Compare that to supporters of Chelsea and Liverpool, to name just two teams, offering unequivocal support for their players regardless of what they did. Or closer to home, Os fans jeering Brentford's injured goalkeeper at Griffin Park in 2011, taunting him because it meant he would miss playing at Wembley the following week. Football is a different sort of sport (which should be added to the long list of reasons as to why it shouldn't be part of the Olympics schedule) and no one expects fans to cheer on the other team. But it IS a sport and a sport whose image would be greatly improved if fans, players and managers remembered that every once in a while.

For every bad example I can recall there is a good one as well. Cyrille Regis being given a standing ovation at Brisbane Road when he was substituted playing for Chester City in his last season as a pro for one. It would be nice if the ratio was a bit more in favour of the positive though. I spent 7 or 8 years travelling to every away game in the supporters club coach but gave it up after the promotion season. Why would I do that after slogging around the 'cosy' League 2 grounds 'steeped in character'? Because even 2 or 3 games from the end of that season no one was enjoying it. They'd spend the entire return journeys complaining and moaning about what we'd just witnessed - as we sat in the top 3! I get enough of people spending all day moaning at work, I didn't need it at weekends as well and so I started to enjoy free Saturday's away from football.

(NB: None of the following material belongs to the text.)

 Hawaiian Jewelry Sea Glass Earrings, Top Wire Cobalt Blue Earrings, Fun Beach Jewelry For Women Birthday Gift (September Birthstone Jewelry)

My desire to see Brisbane Road a more positive and vibrant cathedral of sport is probably never more likely to fall on deaf ears than now. I've dragged myself to Brisbane Road twice and seen a dire performance against Stevenage off the back of an opening day thrashing at Tranmere and then a postponement followed by a lengthy thunderstorm. This off of the back of a dreadful season as we stumbled our way to safety and a summer that has seen ballers replaced by brawlers. Russell Slade has said he thinks that our league has moved from a division where passing can thrive, to a more physical competition. He has therefore got a like for like replacement for Stephen Dawson but doesn't think he can do the same with Matthew Spring.

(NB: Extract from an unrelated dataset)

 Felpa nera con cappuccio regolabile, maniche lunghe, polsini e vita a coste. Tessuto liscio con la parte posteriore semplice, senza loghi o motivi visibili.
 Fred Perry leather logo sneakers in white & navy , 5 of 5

All goodwill for the manager and most of the team was entirely used up last season and the fans are now on a short fuse. I don't have a problem with that, after last season I also expect to see a quick improvement. The only problem is that operating in that sort of negative environment is never conducive to success and we could end up all talking ourselves into a downward spiral that we're unable to stop. The biggest complaint has been the lack of any sort of creativity in the team and maybe the signing of Lee Cook to address that should lead to a short amnesty to at least give the team a chance. I came away from the Stevenage game without anything to feel positive about but the fact is that Russell Slade will be given a certain amount of time to get things right this season and I'd prefer we suspended disbelief and willed the team to succeed rather than wait for us to fail. Otherwise I and probably most fans will be dreading going to Brisbane Road for quite a while.